**Source data:**
+++

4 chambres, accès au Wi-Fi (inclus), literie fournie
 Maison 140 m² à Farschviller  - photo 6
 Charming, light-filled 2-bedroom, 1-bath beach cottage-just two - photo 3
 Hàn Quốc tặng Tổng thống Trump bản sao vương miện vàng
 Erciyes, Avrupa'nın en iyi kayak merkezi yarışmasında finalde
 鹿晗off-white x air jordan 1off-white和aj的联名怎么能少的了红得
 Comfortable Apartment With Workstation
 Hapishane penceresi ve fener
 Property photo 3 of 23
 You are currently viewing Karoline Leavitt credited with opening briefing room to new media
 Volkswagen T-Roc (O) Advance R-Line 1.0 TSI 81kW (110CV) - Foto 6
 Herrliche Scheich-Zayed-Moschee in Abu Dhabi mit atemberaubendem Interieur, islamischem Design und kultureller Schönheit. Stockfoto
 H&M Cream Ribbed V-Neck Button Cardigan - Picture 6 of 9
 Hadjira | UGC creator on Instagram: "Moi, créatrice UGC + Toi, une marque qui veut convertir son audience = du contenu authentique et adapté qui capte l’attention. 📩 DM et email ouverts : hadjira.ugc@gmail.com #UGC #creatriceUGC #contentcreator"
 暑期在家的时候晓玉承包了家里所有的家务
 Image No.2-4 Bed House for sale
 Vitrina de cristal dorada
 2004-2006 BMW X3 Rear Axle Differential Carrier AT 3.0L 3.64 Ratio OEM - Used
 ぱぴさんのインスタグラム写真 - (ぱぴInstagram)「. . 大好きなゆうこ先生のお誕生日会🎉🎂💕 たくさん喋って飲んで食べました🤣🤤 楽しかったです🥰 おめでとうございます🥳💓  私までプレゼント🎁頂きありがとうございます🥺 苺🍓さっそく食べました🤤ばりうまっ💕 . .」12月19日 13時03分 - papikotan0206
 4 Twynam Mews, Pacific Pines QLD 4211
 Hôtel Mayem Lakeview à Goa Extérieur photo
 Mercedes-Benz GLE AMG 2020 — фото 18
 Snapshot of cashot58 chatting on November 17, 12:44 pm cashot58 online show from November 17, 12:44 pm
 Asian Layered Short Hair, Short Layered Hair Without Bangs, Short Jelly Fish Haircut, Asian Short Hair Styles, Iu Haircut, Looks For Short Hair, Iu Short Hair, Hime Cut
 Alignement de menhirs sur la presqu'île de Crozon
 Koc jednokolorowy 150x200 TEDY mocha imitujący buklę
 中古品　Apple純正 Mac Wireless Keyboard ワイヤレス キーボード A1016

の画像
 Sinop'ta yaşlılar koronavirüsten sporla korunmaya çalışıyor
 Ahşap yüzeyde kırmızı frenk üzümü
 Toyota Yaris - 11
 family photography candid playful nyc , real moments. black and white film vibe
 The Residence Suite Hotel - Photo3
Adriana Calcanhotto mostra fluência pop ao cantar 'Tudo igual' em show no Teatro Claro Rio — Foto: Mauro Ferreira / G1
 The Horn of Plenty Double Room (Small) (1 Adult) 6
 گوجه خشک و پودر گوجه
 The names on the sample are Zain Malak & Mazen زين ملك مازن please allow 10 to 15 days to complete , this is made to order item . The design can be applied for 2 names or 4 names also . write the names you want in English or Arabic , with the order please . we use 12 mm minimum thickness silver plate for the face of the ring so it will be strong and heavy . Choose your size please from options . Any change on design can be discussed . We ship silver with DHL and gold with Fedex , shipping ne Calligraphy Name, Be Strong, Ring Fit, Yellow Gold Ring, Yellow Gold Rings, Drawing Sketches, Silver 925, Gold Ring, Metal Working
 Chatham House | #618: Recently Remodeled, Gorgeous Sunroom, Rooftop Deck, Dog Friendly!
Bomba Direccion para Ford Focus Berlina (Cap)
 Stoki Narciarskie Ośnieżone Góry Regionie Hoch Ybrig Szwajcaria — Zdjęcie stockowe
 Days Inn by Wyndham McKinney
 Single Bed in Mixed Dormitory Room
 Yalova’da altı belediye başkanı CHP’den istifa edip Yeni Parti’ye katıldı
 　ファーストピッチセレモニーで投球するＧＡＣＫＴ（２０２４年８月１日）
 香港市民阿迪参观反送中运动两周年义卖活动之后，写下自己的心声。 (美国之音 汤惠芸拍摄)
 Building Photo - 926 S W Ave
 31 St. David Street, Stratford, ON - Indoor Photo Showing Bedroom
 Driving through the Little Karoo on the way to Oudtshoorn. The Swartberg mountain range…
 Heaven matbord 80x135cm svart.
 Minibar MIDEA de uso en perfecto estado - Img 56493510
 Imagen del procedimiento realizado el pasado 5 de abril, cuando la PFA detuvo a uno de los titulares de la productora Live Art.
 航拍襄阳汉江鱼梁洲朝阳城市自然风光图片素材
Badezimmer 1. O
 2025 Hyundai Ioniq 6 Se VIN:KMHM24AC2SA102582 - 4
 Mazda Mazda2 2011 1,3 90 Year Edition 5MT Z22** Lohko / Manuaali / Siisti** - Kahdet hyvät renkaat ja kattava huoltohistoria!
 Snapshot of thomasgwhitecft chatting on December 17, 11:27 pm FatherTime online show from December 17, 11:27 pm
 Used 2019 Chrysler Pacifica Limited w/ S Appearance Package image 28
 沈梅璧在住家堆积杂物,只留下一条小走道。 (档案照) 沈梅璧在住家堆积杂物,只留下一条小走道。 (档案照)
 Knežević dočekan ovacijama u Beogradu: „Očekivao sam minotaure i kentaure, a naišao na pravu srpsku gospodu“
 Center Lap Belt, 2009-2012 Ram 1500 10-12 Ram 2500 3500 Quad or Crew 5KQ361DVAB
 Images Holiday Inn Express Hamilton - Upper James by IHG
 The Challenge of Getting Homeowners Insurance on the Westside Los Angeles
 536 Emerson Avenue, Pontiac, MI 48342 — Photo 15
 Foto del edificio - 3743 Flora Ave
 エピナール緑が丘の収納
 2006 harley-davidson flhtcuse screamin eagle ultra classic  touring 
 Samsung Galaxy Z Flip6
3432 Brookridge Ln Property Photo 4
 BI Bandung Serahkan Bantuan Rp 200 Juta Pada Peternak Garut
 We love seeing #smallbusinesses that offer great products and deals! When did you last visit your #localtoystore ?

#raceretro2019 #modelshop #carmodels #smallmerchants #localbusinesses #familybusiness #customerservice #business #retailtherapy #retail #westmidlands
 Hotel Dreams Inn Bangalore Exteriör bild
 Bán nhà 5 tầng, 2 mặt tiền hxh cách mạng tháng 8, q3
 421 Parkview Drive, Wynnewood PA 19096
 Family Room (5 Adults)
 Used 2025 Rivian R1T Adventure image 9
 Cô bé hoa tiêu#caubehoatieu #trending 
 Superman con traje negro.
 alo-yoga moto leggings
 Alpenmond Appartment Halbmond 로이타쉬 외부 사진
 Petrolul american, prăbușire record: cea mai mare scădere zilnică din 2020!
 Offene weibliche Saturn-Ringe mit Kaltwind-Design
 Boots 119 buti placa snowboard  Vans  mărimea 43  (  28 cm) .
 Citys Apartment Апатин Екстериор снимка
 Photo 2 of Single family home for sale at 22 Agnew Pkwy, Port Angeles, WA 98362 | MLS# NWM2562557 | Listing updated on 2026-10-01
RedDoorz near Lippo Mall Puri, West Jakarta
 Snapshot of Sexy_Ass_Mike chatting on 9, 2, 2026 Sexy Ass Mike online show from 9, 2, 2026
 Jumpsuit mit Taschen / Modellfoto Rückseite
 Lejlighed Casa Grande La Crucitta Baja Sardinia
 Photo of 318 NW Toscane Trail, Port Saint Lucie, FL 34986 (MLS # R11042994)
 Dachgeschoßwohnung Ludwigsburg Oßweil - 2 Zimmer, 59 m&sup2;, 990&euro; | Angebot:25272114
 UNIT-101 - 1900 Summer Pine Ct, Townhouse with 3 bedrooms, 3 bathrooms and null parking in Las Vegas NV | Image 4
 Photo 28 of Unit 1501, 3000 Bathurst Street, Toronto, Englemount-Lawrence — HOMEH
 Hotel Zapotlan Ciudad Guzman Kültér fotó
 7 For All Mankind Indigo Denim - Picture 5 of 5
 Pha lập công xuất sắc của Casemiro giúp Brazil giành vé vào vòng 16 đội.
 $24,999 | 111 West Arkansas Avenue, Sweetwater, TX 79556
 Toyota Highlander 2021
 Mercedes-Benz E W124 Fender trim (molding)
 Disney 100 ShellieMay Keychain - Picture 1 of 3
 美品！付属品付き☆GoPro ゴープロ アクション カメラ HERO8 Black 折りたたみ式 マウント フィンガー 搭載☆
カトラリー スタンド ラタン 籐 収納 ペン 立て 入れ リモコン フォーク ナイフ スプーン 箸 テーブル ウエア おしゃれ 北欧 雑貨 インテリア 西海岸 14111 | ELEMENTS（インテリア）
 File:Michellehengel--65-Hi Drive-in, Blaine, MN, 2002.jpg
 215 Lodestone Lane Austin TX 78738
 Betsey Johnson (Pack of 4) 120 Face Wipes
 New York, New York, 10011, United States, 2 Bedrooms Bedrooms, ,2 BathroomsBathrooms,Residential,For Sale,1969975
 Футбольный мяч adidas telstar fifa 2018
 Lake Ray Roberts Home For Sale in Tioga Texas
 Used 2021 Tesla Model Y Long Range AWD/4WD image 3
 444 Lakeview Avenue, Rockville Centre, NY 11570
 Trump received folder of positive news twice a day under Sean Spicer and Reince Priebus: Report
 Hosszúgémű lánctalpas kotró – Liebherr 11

+++

**Task objective:** Repeat word for word every line from the start of the entries to the line holding "You are currently", inclusive, and nothing else.

**Answer to the problem:**
4 chambres, accès au Wi-Fi (inclus), literie fournie
 Maison 140 m² à Farschviller  - photo 6
 Charming, light-filled 2-bedroom, 1-bath beach cottage-just two - photo 3
 Hàn Quốc tặng Tổng thống Trump bản sao vương miện vàng
 Erciyes, Avrupa'nın en iyi kayak merkezi yarışmasında finalde
 鹿晗off-white x air jordan 1off-white和aj的联名怎么能少的了红得
 Comfortable Apartment With Workstation
 Hapishane penceresi ve fener
 Property photo 3 of 23
 You are currently viewing Karoline Leavitt credited with opening briefing room to new media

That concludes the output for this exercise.